Foreign invested enterprises perform poorly in organizational transparency

By Minh Anh - Aug 26, 2018 | 07:16 AM GMT+7

TheLEADERLarge multinationals tend to neglect public disclosure of their subsidiaries abroad, because this is not a compulsory requirement, however, this lack of information limits monitoring and oversight by local stakeholders in countries where these subsidiaries operate.

Foreign invested enterprises perform poorly in organizational transparency
EB Services (Big C) scores zero per cent in organizational transparency and company ownership

According to Transparency in Corporate Reporting (TRAC Vietnam 2018) recently announced by Towards Transparency (TT), the national contact of Transparency International (TI) in Vietnam, publicly listed companies (PLCs) perform strongest in  transparency on organizational apparatus and company ownership at an average score of 88 per cent, followed by State-owned Enterprises (SOEs) at 60. FDIs are lagging behind with 32 only.

As indicated earlier, score of PLCs in this area is very encouraging, with 10 out of 15 companies reaching even 100 in organizational transparency. The remaining companies score above average, with only one company scoring less than 50 (Truong Hai company at 38).
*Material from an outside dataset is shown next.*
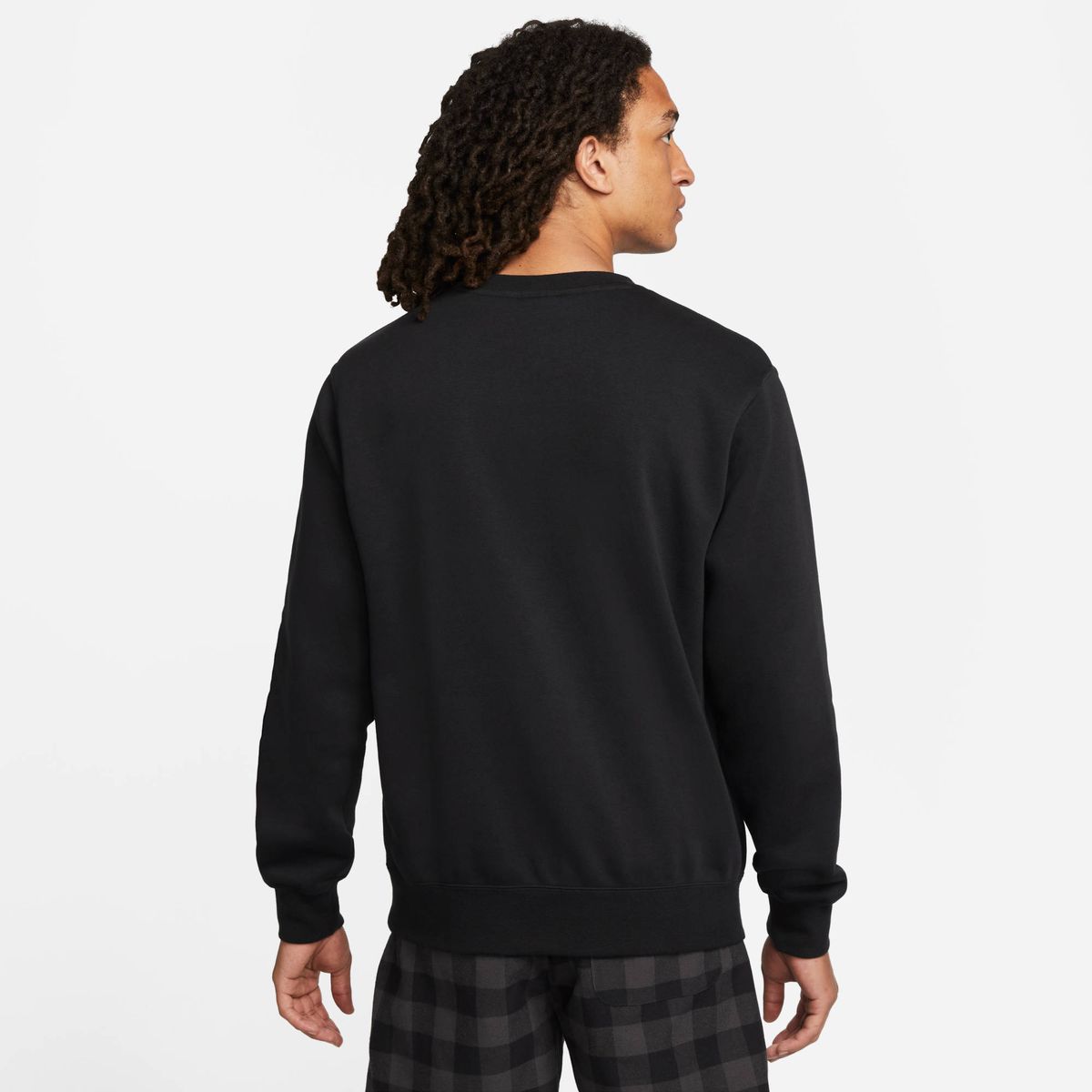 NIKE Herren Sweatshirt M NSW CLUB BB CREW GX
SOEs also perform relatively well in this assessment dimension. Agribank, MobiFone, Vinataba, SJC and Vietnam Rubber Group (VRG) all achieve the maximum score of 100. On the other end of the spectrum, Viettel is the worst performer with 10. Saigon Petro and Saigon New Port all score as low as 25.

Meanwhile, foreign companies’ performance in this dimension is disappointing, especially as only two out of 15 companies provided feedback comments on their draft scoring.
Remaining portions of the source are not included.